I have always been a believer of that concept. It’s been my marching order, a goal to work toward. It’s a quality I hope to instill in my son.

As a new parent, I’ve often found myself thinking about my son’s future employment, his every newly discovered skill serving as a jumping-off point for my fantasy. When he first rolled over, I thought he might become a gymnast. When he became infatuated with eating twigs, I knew he’d become a conservationist. And when he erased all the apps from my phone, it became unmistakably evident that this little savant was the next Steve Jobs. As his mother, I have made the unwavering commitment to support and encourage any activity he falls in love with and lead him toward a career of doing what he loves with steadfast dedication. A commitment I may regret.

My baby boy wants to be a stripper.

Early Saturday morning, my son and I were watching reruns of a show I used to watch during my childhood. The commercials aired were for weight-loss pills and diet shakes, clearly aimed at moms like me, nostalgic for our own childhoods, sitting on the couch, crying into cereal bowls precariously balancing on the baby-weight bulge we have yet to lose. Or so hope the folks behind these commercials.
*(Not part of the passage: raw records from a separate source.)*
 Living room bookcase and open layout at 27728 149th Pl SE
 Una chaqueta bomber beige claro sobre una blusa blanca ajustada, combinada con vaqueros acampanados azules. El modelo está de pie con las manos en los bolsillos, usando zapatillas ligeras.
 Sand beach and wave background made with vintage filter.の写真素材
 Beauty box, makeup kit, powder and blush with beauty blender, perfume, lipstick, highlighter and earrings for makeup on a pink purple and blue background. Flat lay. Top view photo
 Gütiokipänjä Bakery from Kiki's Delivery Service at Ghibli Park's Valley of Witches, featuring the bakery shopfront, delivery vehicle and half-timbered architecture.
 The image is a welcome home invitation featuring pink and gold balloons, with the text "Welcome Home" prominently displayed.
Attempting to play into our postpartum psyche, a commercial popped up for pole dancing lessons, an opportunity to get our sexy back. And it was at this point that my 21-month-old son scooted his bottom off the couch, walked over to the TV and stared at the gyrating woman in her underwear.

The stripper slid off her pole and began scantily cat crawling across the floor, and that is how my son came to find his newest obsession: the striptease. Following the stripper’s every move, my son got down on all fours, arched his back and flipped his hair back and forth. I was both horrified and disappointed that I didn’t have my camera.

The 30-second commercial ended, but my son was hooked.

He would toss his hair and laugh. Shake his booty and giggle. Sure, this move wasn’t entirely new. My kid would occasionally head-bang on all fours when a particularly rockin’ song came on, but now that he had seen stripping as a viable career option, his dance moves seemed tainted. Now every time he took off his clothes and ran around the house, it was as if he were screaming, “Hey, Ma, I found my calling! And I found $1 bills in my diaper!”

My son the stripper. Where had I gone wrong? He was going to be a conservationist, not a cast member in “Thunder From Down Under”! Did I dress him in too many layers during the winter months, giving a subconscious need to rip them all off? In my excitement to give him his toy fire station, had I neglected to assess the irrevocable damage caused by the shiny pole in the center?

I wondered whether I would have to stick to my previous commitment of supporting my son in any life path he chooses. In order to be a good mother, would I have to bedazzle G-strings and hem pants that can be ripped off?

The concept behind doing what you love and loving what you do is rooted in the desire for happiness — the only thing we parents tout as our desire for our children. But is that real? I don’t only want happiness for my child; I want a million things. I want for him education and adventure and love and self-confidence and courage and humor and comfort in his own skin. And if showing off that skin is what makes him happy, I hope I can lead him in the direction of streaking on the football field during the homecoming game instead of streaking for a living and guide him toward following the career path of a different love.

And, my boy, when you are college-bound and choose to relive your first childhood love by mooning the parents at your high-school graduation, I promise to applaud that bare bum, bragging that I made those cheeks. Now that’s a commitment I can keep.